[Work instructions]:
Without pictures, repeat exactly the lines from the one containing "molecular formula C28H49NO3" through the end of the entries.

[Input data]:
---
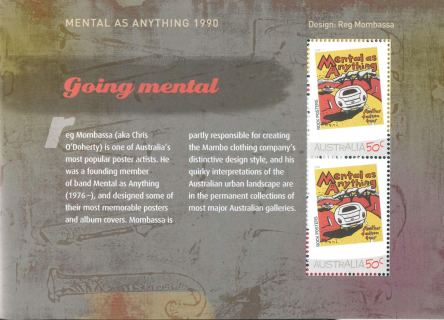 Australia-2006-Australian-Rock-Posters-2-x-50-cent-Multi-P14-6-x-13-86-Mental-as-Anything-1990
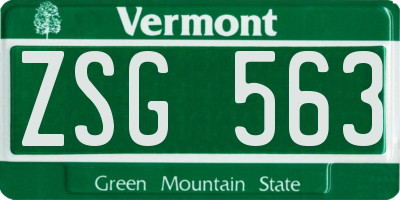 VT license plate ZSG563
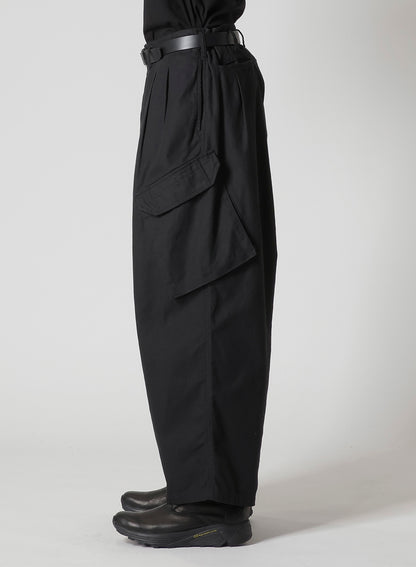 BLACK SCANDAL HERRINGBONE 12TUCK WORK PANTS
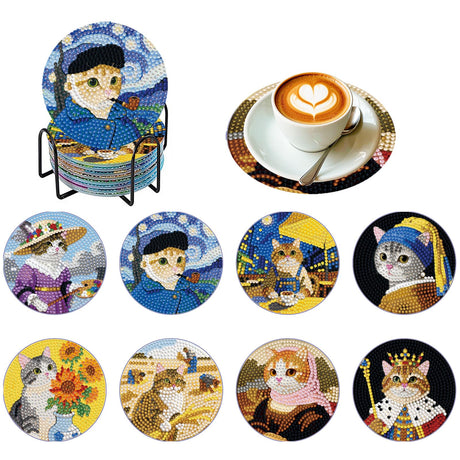 PERFECTSIGHT 8 Pcs DIY Diamond Art Painting Coasters with Holder, Cute Diamond Paint Coaster Kits for Adults, Kawaii Full Drill Diamond Art Craft Paint by Number Non Slip Coaster - Multicolor Cats PERFECTSIGHT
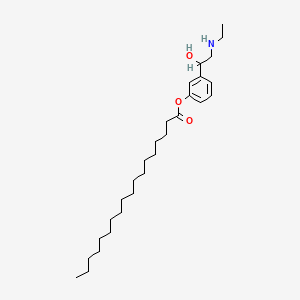 molecular formula C28H49NO3 B1197130 Octadecanoic acid 3-(2-(ethylamino)-1-hydroxyethyl)phenyl ester CAS No. 75011-64-2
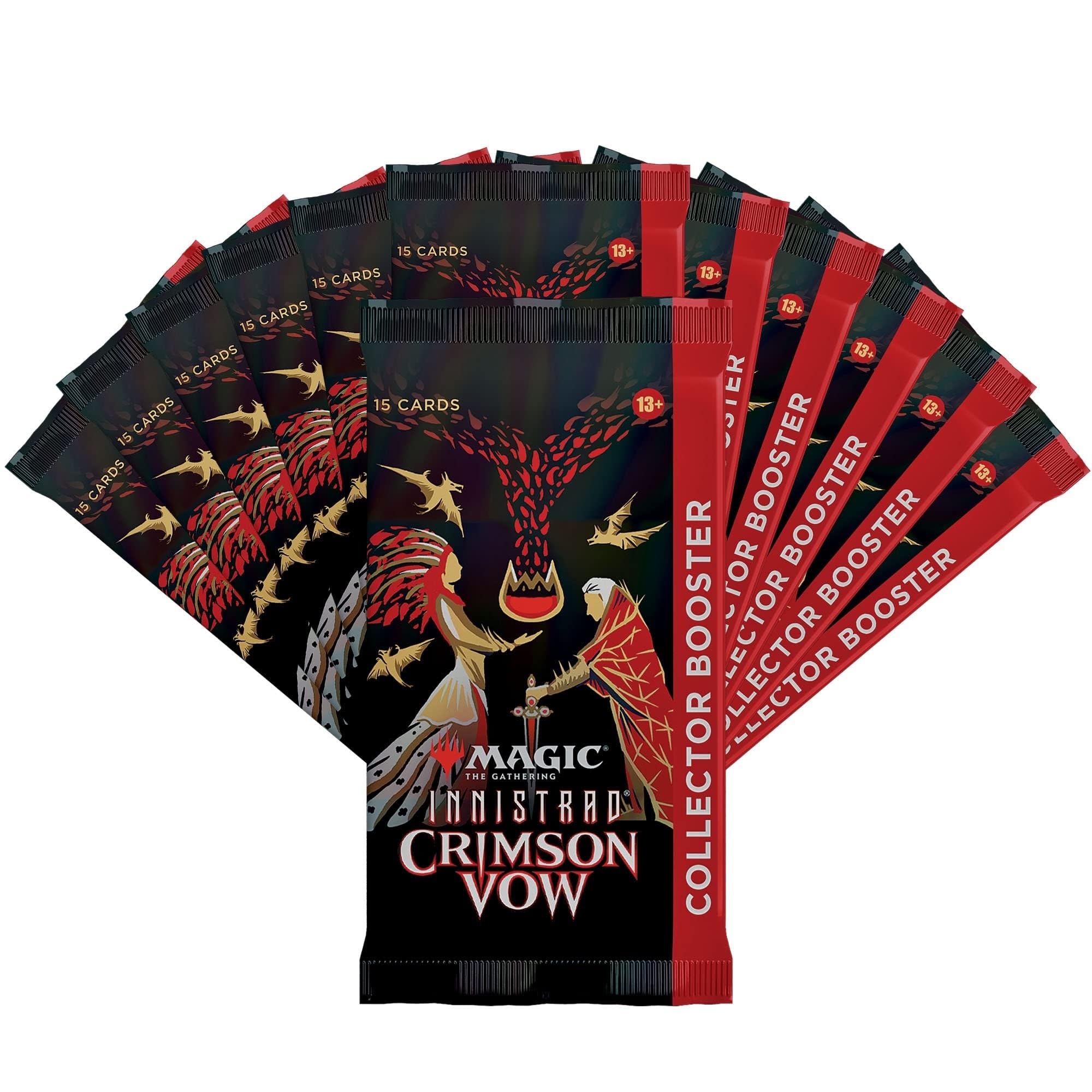 Magic: The Gathering Innistrad Crimson Vow 15-card booster packs deliver diverse rarities and visual variety.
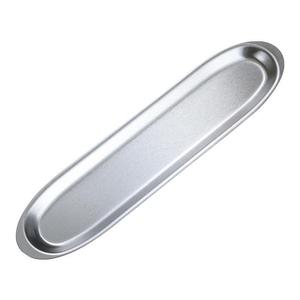 Stainless Steel Long Oval Plate For Hotel Food Service Microwave Safe Solid Color Design - Product Image 1
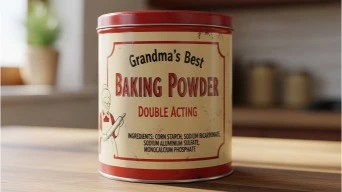 Checking baking powder label for gluten-free ingredients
---
[Answer space]:
 molecular formula C28H49NO3 B1197130 Octadecanoic acid 3-(2-(ethylamino)-1-hydroxyethyl)phenyl ester CAS No. 75011-64-2
 Magic: The Gathering Innistrad Crimson Vow 15-card booster packs deliver diverse rarities and visual variety.
 Stainless Steel Long Oval Plate For Hotel Food Service Microwave Safe Solid Color Design - Product Image 1
 Checking baking powder label for gluten-free ingredients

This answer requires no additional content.